Girişimler için oldukça önemli bir konu çünkü aynı zamanda yapılan araştırmalarda girişimlerin başarısız olma nedenlerinin de başında geliyor.
Venture Capital (VC)- daha yüksek finansman sağlayan girişim sermayesi firmaları- bir girişimin potansiyelini veya yatırım fırsatını değerlendirirken ürünün pazara uygunluğu ile ilgili işaretlere önem verirler.
Pazara uyumu araştırırken sorulabilecek doğru sorular ise: Ürün kendi hakkında konuşturarak organik bir büyüme yaratıyor mu?İnsanlar ürüne para ödemeye hazır mı?Ürünün yarattığı değer müşteriler için çekici mi?
Ürün-pazar uyumu gerçekleştiğinde müşteriler ürünü satın almaya başlar, şirket büyür, ekip büyür ve yatırımcılardan müşterilere kadar herkes şirket hakkında konuşmaya başlar.
Fakat zamanla kullanıcıların ihtiyaçları değiştiğinde ürün bu ihtiyaçları karşılayacak şekilde dönüşüm sağlayamazsa ürün-pazar uyumunu rekabete kaybetme ihtimali de çok yüksektir. O yüzden ürün-pazar uyumunun sürekliliğini de göz önüne almak gerekir.
‘Önemli olan, tüm enerjinizi ürün- pazar uyumuna odaklamaktır. İnsanların çok hızlı bir şekilde benimsediği veya tekrar tekrar kolaylıkla satabileceğiniz bir ürünü yaratmaya odaklanın. Diğer her şey ikincil öneme sahiptir. Gözünüzü hedeften ayırmayın.’- Andreessen Horowitz
En sık yapılan hatalardan biri de gerçekte olmayan bir ihtiyaçtan yola çıkarak ürünü hayata geçirmektir. Bu aşamada hedef kitlenin gerçek bir problemine odaklanıldığına emin olmak gerekir. Bu hataya düşmemek için girişimlerin MVP (Minimum Viable Product) sonrası potansiyel müşterileriyle vakit geçirmesi, ihtiyaç ve isteklerini anlaması ürünün pazara uyumlu hale getirmek açısından oldukça önemlidir.
Bu sağlandığı takdirde pazarın büyüklüğü ve barındırdığı fırsatlar, rakipler içerisinden nasıl ayrıştığı ve pazar lideri olma potansiyeli gibi diğer konular yatırım alma şansını arttırır.

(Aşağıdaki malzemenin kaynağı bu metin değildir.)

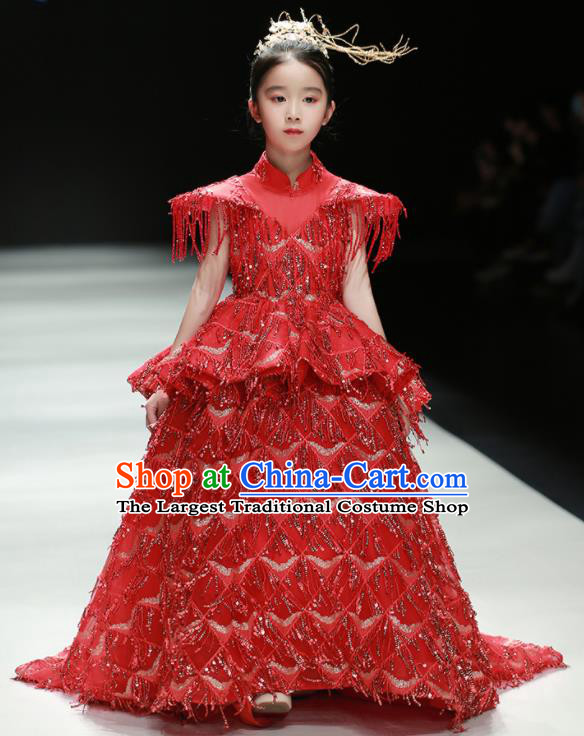 Professional Stage Show Garment Costume Girl Catwalks Red Full Dress Children Piano Performance Formal Clothing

Bir diğer konu ise yapay zeka gibi teknoloji kullanımlarına sahip ürünler ya da küresel bir soruna çözüm bulan girişimler yatırım alma konusunda daha avantajlı olabiliyor. Gerçek dünyanın sorunlarıyla ilgili olan bu tip yatırımlara “Impact Investing” (Etki yatırımı) deniyor. Bunlar finansal getirinin yanı sıra sosyal fayda ve ölçümlenebilen etki yaratan yatırımlar olarak yatırımcılara çekici geliyor.
Son olarak kağıt üzerindeki bir iş fikrinin riski her zaman yüksektir. Ürünü MVP aşamasına gelen girişimler, öngörülebilirliği arttırdığı ve yatırım riskini azaltacağından daha kolay yatırım alırlar.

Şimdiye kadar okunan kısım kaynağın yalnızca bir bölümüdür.